Dataset content >>
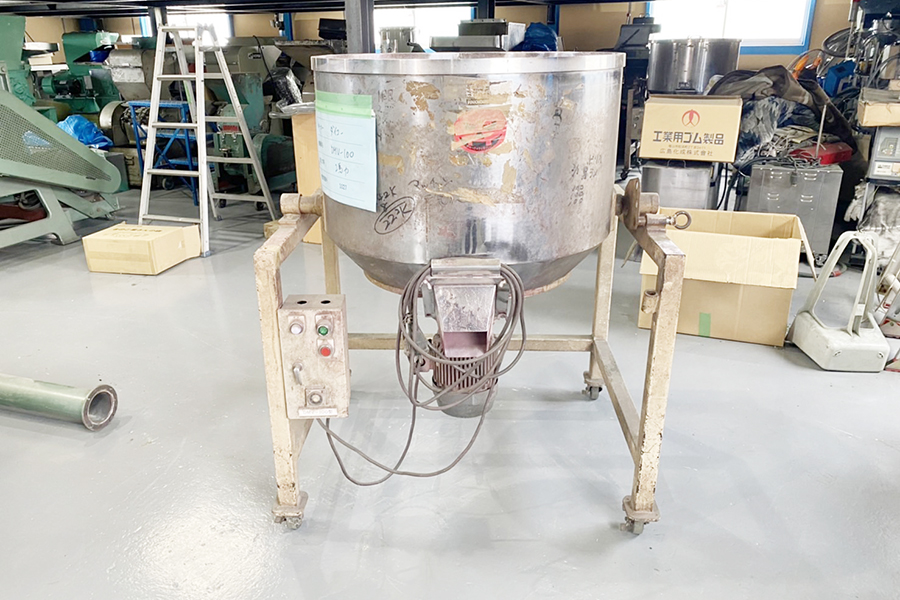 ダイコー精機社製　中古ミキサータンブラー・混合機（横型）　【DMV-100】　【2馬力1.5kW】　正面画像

...

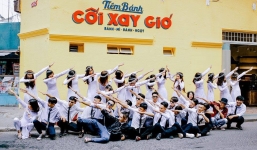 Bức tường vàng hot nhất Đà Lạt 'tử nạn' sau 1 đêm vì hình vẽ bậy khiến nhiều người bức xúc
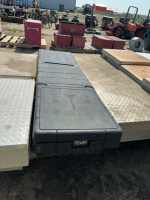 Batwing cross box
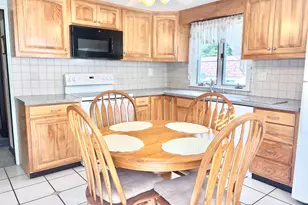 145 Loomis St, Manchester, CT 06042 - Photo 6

--

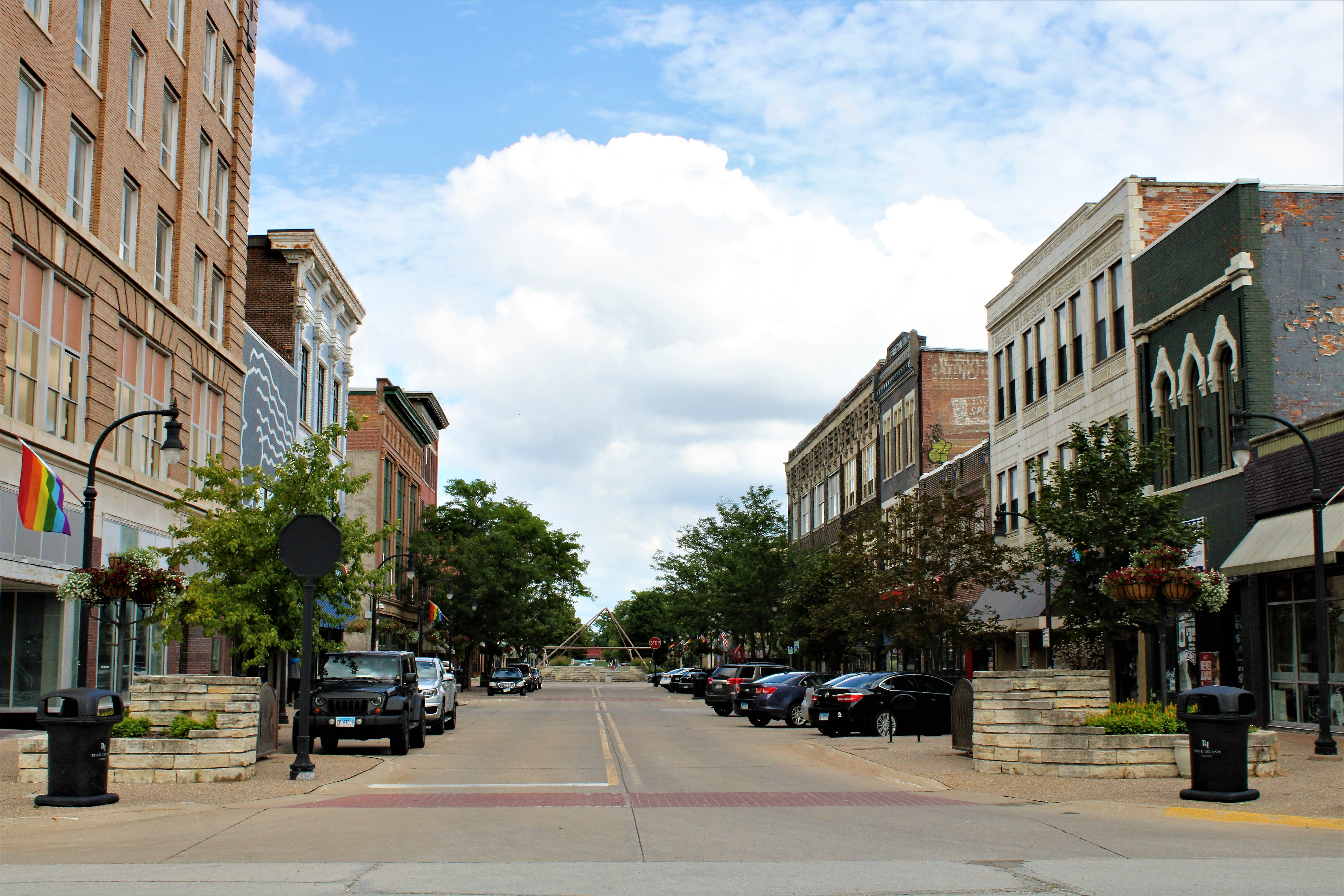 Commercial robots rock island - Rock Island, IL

What you need to do >>
Only the lines above from the one with "Bức tường vàng" to the one with "145 Loomis St, Manchester, CT" should be printed, both included and exactly as written; no picture belongs in the copy.

Result for this exercise >>
 Bức tường vàng hot nhất Đà Lạt 'tử nạn' sau 1 đêm vì hình vẽ bậy khiến nhiều người bức xúc
 Batwing cross box
 145 Loomis St, Manchester, CT 06042 - Photo 6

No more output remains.